Au début du IXe siècle, les moines adoptèrent la vie communautaire. À partir de 808, ils se séparèrent de l'abbaye de Saint Hilaire, en adoptant la règle de Saint Benoit.
Dès cette origine, l'abbaye est conçue comme un édifice imposant et indépendant. De ce premier établissement monastique, il a été retrouvé un pavage en terre cuite aux motifs imprimés avec des poinçons en bois gravés. Des plaques gravées d'entrelacs, insérées dans les murs de la crypte, datent aussi de cette époque.
En effet, au début de ce IXe siècle, l'abbé Godelin avait fait construire une nouvelle église qui a été dotée d'une crypte pour recevoir le tombeau de Saint Junien (ou Saint Julien), fondateur du monastère poitevin de Marié-Lévescault.
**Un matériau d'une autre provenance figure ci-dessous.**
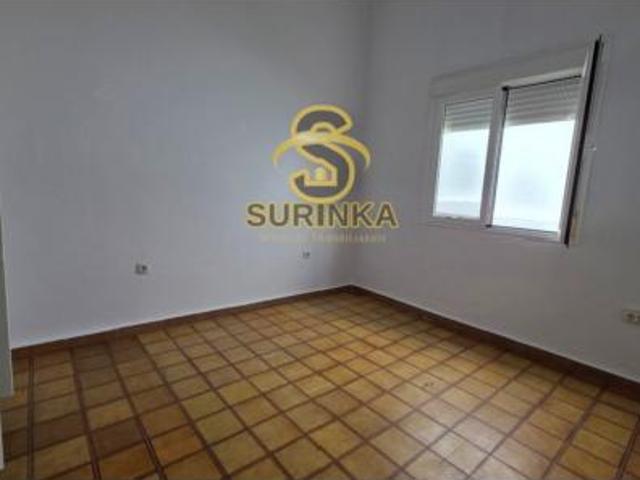 Chalet en venta en Valle de Jinámar, Telde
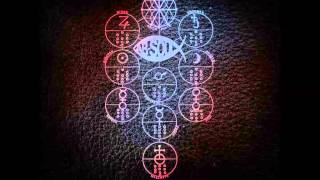 Ab Soul - Illuminate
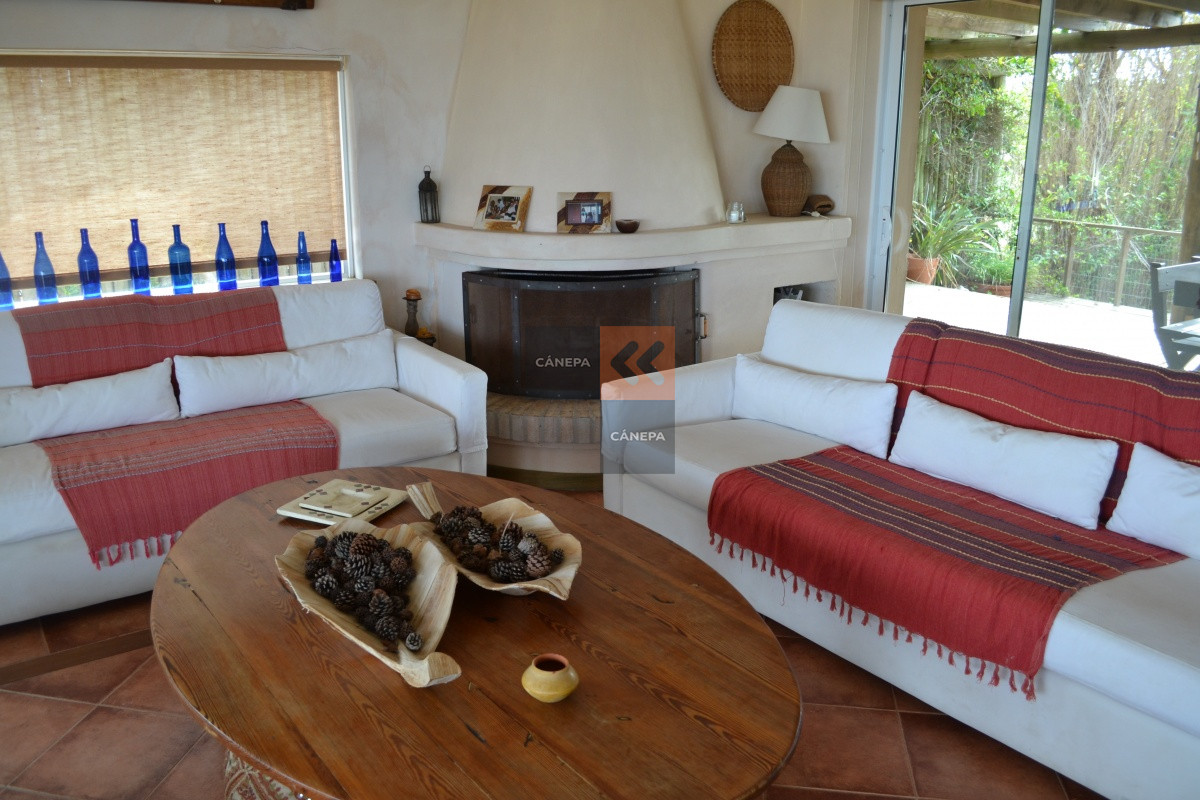 Tio Tom - GoPunta - Portal Inmobiliario de Punta del Este - Maldonado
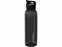 Бутылка для воды «Sky», 650 мл с логотипом в Нефтекамске заказать по выгодной цене в кибермаркете AvroraStore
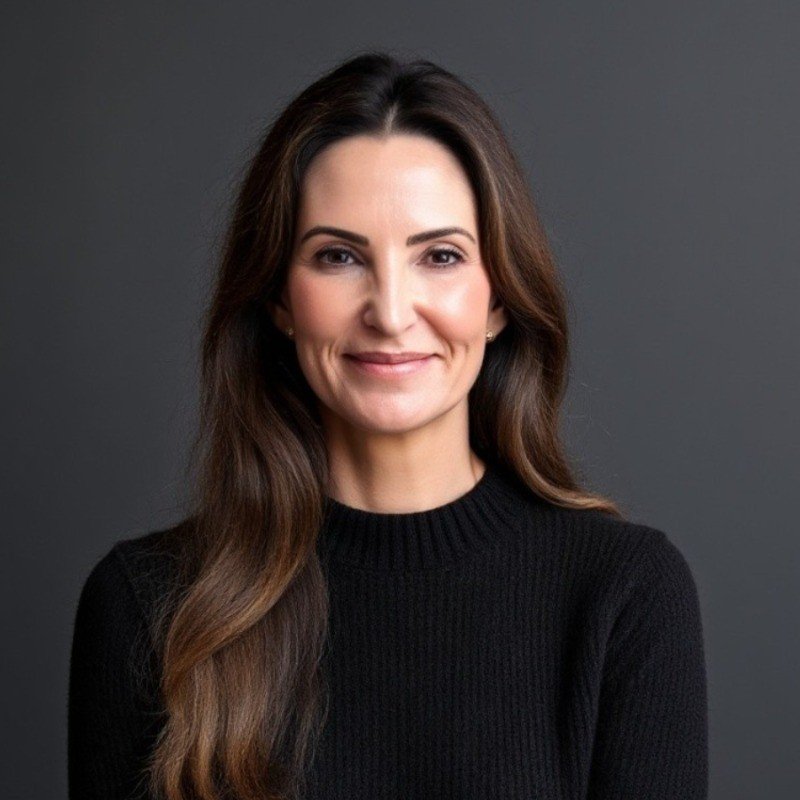 Viviana Faga profile photo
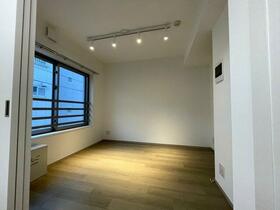 4/12 リビング/ダイニング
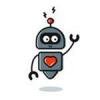 Bots Market - Самый дешевый сервис автоматических накруток в Instagram - последнее сообщение от BotsMarket
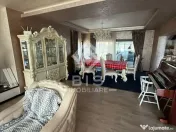 Casa premium 250 mp | Zona Dedeman 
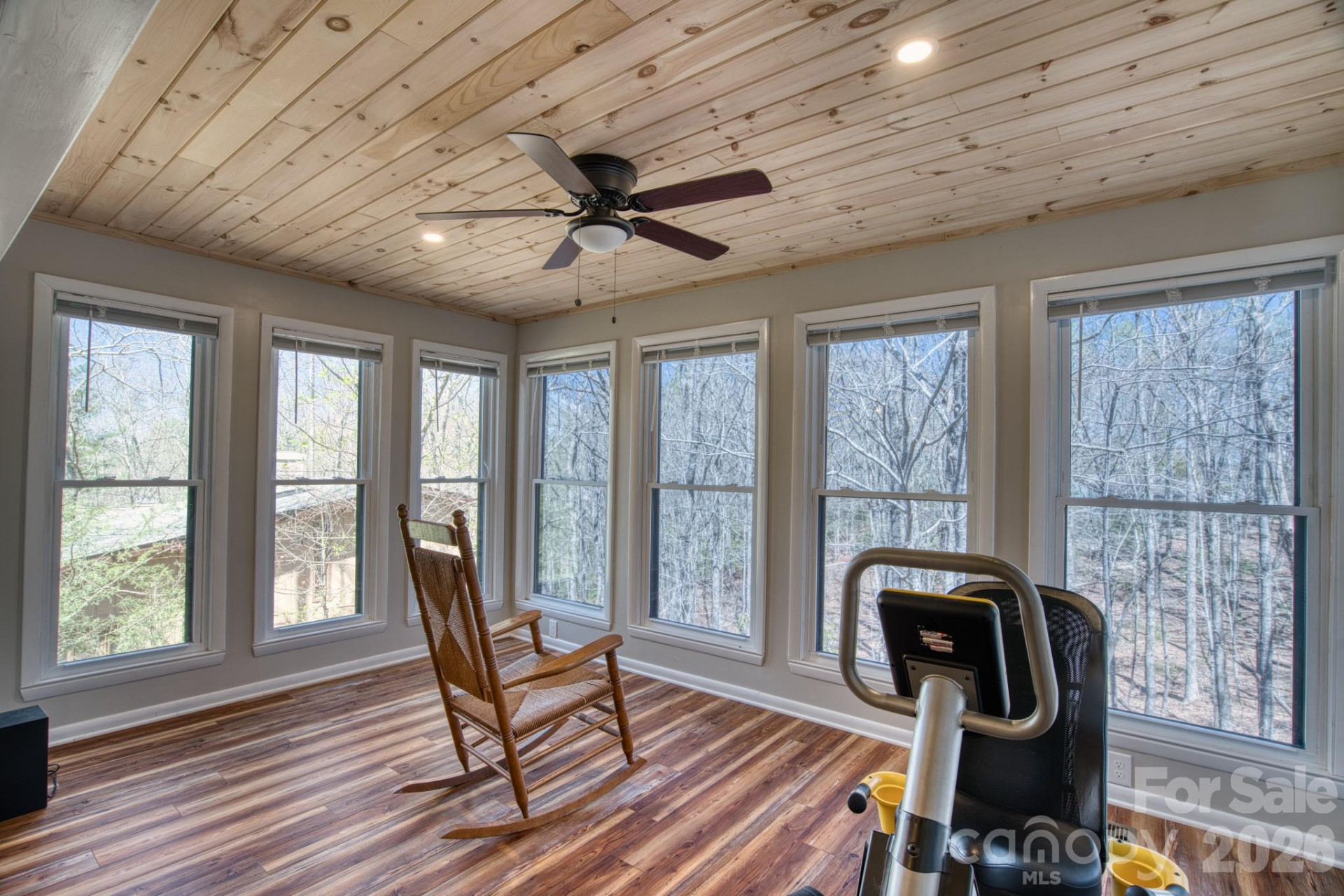 46 Wahuhu Court - Photo 9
La translation des reliques a lieu en 830. Cette crypte aménagée sous le chœur de l'église en reprendrait probablement le plan. Elle possède un chevet plat où s'inscrivent l'abside en hémicycle et les absidioles séparées par deux petites salles rectangulaires qui s'apparentent aux "secretaria" que l'on trouve dans les basiliques orientales.
Le sarcophagecarolingien de Saint Junien est présenté, de nos jours, au fond du chœur de l'église. Il conserve un décor peint exceptionnel, inspiré de tissus orientaux. Il représente des aigles dans trois médaillons perlés.
Le Moyen Âge
Au début du XIe siècle, le monastère est dirigé par l'abbé Constantin. Le monastère est sous la protection des comtes de Poitou. Grâce à la générosité de ses hauts bienfaiteurs, l'abbaye devint riche et puissante. Elle connait, alors, son apogée.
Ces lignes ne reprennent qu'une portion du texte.